Uma médica presa em Luís Eduardo Magalhães, no oeste da Bahia, foi apresentada no Complexo Policial do bairro Aratu, em Barreiras, após ser alvo da Operação Canudo, deflagrada nesta quarta-feira (12) pela Polícia Federal.
A operação investiga um suposto esquema criminoso envolvendo a falsificação e comercialização de documentos acadêmicos, utilizados para facilitar o acesso irregular ao curso de Medicina e, em alguns casos, a obtenção de registro profissional para o exercício da profissão.
A investigada deverá passar por audiência de custódia na manhã desta quinta-feira (13). Até o momento, três mandados de prisão foram cumpridos durante a operação. A Polícia Federal segue com as diligências para reunir novas provas e identificar outras pessoas que possam ter participação no esquema.
De acordo com as investigações, os documentos falsificados teriam sido utilizados para diferentes finalidades, entre elas o ingresso irregular em cursos de Medicina e a obtenção de registros profissionais junto aos Conselhos Regionais de Medicina.
A Polícia Federal aponta que pelo menos 45 pessoas que já possuíam registro como médicos teriam pago pela obtenção dos documentos falsificados. As investigações indicam ainda que o esquema teria ramificações em diferentes estados brasileiros.

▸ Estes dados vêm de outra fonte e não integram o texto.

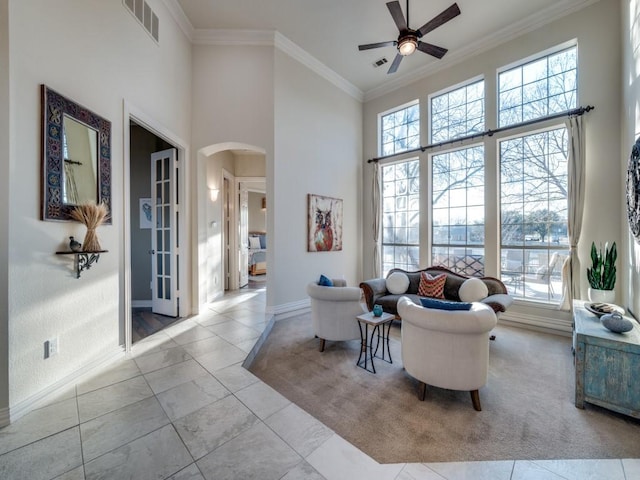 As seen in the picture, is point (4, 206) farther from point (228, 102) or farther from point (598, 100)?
point (598, 100)

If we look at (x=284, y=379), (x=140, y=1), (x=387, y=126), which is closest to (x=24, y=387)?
(x=284, y=379)

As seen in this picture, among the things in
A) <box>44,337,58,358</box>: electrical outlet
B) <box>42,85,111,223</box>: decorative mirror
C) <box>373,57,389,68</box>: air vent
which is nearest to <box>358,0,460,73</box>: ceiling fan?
<box>373,57,389,68</box>: air vent

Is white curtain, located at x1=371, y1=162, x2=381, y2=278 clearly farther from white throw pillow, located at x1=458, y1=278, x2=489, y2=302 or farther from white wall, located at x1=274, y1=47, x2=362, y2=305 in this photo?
white throw pillow, located at x1=458, y1=278, x2=489, y2=302

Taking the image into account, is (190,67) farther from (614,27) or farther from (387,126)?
(614,27)

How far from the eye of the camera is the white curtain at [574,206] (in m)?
3.52

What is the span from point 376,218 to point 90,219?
4743 mm

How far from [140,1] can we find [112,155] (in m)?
1.89

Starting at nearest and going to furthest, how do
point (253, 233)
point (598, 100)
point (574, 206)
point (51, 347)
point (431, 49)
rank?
1. point (51, 347)
2. point (431, 49)
3. point (598, 100)
4. point (574, 206)
5. point (253, 233)

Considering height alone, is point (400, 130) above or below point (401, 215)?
above

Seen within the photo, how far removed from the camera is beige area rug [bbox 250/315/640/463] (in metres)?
1.72

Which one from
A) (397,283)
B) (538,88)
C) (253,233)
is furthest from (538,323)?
(253,233)

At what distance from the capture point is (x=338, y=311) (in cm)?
306

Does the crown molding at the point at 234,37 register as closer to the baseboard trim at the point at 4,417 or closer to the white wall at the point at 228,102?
the white wall at the point at 228,102

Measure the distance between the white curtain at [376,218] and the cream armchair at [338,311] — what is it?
2.79 metres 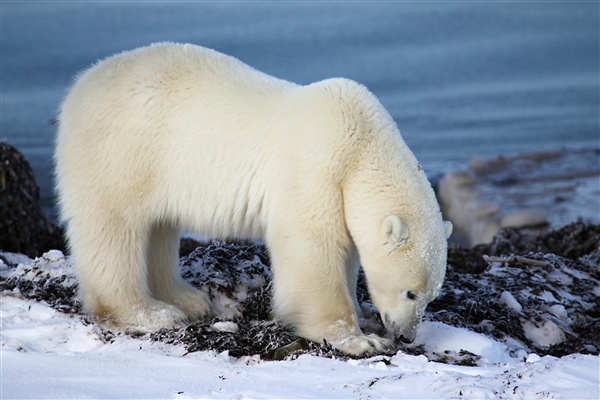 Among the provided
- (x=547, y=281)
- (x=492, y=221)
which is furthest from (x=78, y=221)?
(x=492, y=221)

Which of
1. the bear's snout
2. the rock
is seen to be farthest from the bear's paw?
the rock

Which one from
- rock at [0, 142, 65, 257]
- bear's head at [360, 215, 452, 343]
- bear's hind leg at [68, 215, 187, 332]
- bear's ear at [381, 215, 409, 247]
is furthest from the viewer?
rock at [0, 142, 65, 257]

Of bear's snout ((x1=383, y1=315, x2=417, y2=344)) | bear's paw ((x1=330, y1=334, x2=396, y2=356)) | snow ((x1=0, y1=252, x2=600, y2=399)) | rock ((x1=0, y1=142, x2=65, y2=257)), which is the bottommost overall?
snow ((x1=0, y1=252, x2=600, y2=399))

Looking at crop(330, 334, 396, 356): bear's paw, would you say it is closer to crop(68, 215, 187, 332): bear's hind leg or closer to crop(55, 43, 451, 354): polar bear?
crop(55, 43, 451, 354): polar bear

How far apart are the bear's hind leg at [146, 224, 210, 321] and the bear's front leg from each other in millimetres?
861

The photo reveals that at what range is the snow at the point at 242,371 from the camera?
13.2ft

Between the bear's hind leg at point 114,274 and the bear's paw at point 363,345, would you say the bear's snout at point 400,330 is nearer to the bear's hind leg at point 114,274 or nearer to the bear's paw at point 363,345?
the bear's paw at point 363,345

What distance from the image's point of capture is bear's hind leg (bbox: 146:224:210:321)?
587cm

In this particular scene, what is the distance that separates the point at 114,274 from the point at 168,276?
1.82 ft

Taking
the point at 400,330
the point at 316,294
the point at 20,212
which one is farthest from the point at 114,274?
the point at 20,212

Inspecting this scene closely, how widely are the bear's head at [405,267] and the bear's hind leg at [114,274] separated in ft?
4.38

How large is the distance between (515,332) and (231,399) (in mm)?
2585

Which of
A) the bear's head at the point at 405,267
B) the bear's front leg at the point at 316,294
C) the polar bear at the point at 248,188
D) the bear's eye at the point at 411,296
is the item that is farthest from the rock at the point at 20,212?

Investigação começou em 2023
O caso teve início em 2023, após a apreensão de um diploma falso de Medicina apresentado ao Conselho Regional de Medicina do Rio Grande do Sul (CREMERS). A partir da análise desse documento, os investigadores passaram a identificar indícios da existência de uma possível rede especializada na produção e comercialização de documentos acadêmicos falsificados.
Com o avanço das apurações, a Polícia Federal identificou outros documentos suspeitos e possíveis beneficiários do esquema, ampliando a investigação para além do caso inicial.
As diligências continuam com o objetivo de identificar outras pessoas envolvidas, localizar possíveis compradores e esclarecer a extensão da rede criminosa.
A operação também busca verificar a participação de pessoas que possam ter adquirido ou utilizado documentos falsificados para ingressar irregularmente em instituições de ensino ou obter registro profissional.